▶ **Instructions for the task**
Output the data that follows exactly, line for line.

▶ **Material to process**
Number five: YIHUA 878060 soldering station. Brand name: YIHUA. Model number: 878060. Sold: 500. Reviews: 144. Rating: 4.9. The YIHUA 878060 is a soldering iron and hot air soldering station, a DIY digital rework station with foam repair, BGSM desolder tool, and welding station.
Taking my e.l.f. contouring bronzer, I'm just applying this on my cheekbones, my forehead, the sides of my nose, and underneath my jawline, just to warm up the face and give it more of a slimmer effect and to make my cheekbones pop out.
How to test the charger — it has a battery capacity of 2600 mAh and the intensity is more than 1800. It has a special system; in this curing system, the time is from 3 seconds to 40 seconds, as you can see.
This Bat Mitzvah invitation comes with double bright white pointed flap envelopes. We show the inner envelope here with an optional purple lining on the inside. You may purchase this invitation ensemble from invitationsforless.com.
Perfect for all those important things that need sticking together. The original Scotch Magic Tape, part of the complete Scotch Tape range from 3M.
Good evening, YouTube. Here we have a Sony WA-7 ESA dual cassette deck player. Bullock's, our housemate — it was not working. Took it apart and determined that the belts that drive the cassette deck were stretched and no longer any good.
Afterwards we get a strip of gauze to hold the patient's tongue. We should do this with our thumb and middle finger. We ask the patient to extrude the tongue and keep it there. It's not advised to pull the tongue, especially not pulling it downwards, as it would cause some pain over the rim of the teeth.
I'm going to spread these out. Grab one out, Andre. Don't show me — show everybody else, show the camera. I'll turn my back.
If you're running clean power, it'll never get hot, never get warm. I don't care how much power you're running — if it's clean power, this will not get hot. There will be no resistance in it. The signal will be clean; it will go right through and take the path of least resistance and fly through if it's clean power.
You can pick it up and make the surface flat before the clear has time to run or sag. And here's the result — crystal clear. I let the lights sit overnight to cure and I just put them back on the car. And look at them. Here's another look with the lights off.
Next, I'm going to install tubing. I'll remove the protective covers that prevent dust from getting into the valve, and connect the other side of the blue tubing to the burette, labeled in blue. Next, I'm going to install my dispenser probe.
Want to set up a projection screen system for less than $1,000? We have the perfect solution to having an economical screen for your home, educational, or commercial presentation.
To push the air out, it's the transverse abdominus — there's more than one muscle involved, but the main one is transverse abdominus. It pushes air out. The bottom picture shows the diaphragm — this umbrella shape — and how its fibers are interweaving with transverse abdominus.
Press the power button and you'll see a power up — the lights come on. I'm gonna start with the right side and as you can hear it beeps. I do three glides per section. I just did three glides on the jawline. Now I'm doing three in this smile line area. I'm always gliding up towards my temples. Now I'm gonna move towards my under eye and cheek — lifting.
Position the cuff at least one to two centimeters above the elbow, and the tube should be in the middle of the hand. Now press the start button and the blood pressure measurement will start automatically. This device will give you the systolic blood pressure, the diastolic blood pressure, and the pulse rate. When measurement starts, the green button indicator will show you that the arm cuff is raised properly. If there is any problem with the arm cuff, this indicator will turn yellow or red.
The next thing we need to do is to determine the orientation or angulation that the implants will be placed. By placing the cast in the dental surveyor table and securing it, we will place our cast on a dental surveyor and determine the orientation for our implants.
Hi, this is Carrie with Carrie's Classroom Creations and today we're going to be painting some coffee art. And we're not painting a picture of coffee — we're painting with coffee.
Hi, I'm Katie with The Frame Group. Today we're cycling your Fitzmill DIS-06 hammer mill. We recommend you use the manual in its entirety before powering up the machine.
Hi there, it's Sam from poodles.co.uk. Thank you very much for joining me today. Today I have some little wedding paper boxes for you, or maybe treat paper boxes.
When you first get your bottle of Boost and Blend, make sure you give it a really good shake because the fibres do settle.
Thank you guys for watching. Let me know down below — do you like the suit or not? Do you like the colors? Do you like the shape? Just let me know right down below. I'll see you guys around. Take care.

▶ **Solution below**
Number five: YIHUA 878060 soldering station. Brand name: YIHUA. Model number: 878060. Sold: 500. Reviews: 144. Rating: 4.9. The YIHUA 878060 is a soldering iron and hot air soldering station, a DIY digital rework station with foam repair, BGSM desolder tool, and welding station.
Taking my e.l.f. contouring bronzer, I'm just applying this on my cheekbones, my forehead, the sides of my nose, and underneath my jawline, just to warm up the face and give it more of a slimmer effect and to make my cheekbones pop out.
How to test the charger — it has a battery capacity of 2600 mAh and the intensity is more than 1800. It has a special system; in this curing system, the time is from 3 seconds to 40 seconds, as you can see.
This Bat Mitzvah invitation comes with double bright white pointed flap envelopes. We show the inner envelope here with an optional purple lining on the inside. You may purchase this invitation ensemble from invitationsforless.com.
Perfect for all those important things that need sticking together. The original Scotch Magic Tape, part of the complete Scotch Tape range from 3M.
Good evening, YouTube. Here we have a Sony WA-7 ESA dual cassette deck player. Bullock's, our housemate — it was not working. Took it apart and determined that the belts that drive the cassette deck were stretched and no longer any good.
Afterwards we get a strip of gauze to hold the patient's tongue. We should do this with our thumb and middle finger. We ask the patient to extrude the tongue and keep it there. It's not advised to pull the tongue, especially not pulling it downwards, as it would cause some pain over the rim of the teeth.
I'm going to spread these out. Grab one out, Andre. Don't show me — show everybody else, show the camera. I'll turn my back.
If you're running clean power, it'll never get hot, never get warm. I don't care how much power you're running — if it's clean power, this will not get hot. There will be no resistance in it. The signal will be clean; it will go right through and take the path of least resistance and fly through if it's clean power.
You can pick it up and make the surface flat before the clear has time to run or sag. And here's the result — crystal clear. I let the lights sit overnight to cure and I just put them back on the car. And look at them. Here's another look with the lights off.
Next, I'm going to install tubing. I'll remove the protective covers that prevent dust from getting into the valve, and connect the other side of the blue tubing to the burette, labeled in blue. Next, I'm going to install my dispenser probe.
Want to set up a projection screen system for less than $1,000? We have the perfect solution to having an economical screen for your home, educational, or commercial presentation.
To push the air out, it's the transverse abdominus — there's more than one muscle involved, but the main one is transverse abdominus. It pushes air out. The bottom picture shows the diaphragm — this umbrella shape — and how its fibers are interweaving with transverse abdominus.
Press the power button and you'll see a power up — the lights come on. I'm gonna start with the right side and as you can hear it beeps. I do three glides per section. I just did three glides on the jawline. Now I'm doing three in this smile line area. I'm always gliding up towards my temples. Now I'm gonna move towards my under eye and cheek — lifting.
Position the cuff at least one to two centimeters above the elbow, and the tube should be in the middle of the hand. Now press the start button and the blood pressure measurement will start automatically. This device will give you the systolic blood pressure, the diastolic blood pressure, and the pulse rate. When measurement starts, the green button indicator will show you that the arm cuff is raised properly. If there is any problem with the arm cuff, this indicator will turn yellow or red.
The next thing we need to do is to determine the orientation or angulation that the implants will be placed. By placing the cast in the dental surveyor table and securing it, we will place our cast on a dental surveyor and determine the orientation for our implants.
Hi, this is Carrie with Carrie's Classroom Creations and today we're going to be painting some coffee art. And we're not painting a picture of coffee — we're painting with coffee.
Hi, I'm Katie with The Frame Group. Today we're cycling your Fitzmill DIS-06 hammer mill. We recommend you use the manual in its entirety before powering up the machine.
Hi there, it's Sam from poodles.co.uk. Thank you very much for joining me today. Today I have some little wedding paper boxes for you, or maybe treat paper boxes.
When you first get your bottle of Boost and Blend, make sure you give it a really good shake because the fibres do settle.
Thank you guys for watching. Let me know down below — do you like the suit or not? Do you like the colors? Do you like the shape? Just let me know right down below. I'll see you guys around. Take care.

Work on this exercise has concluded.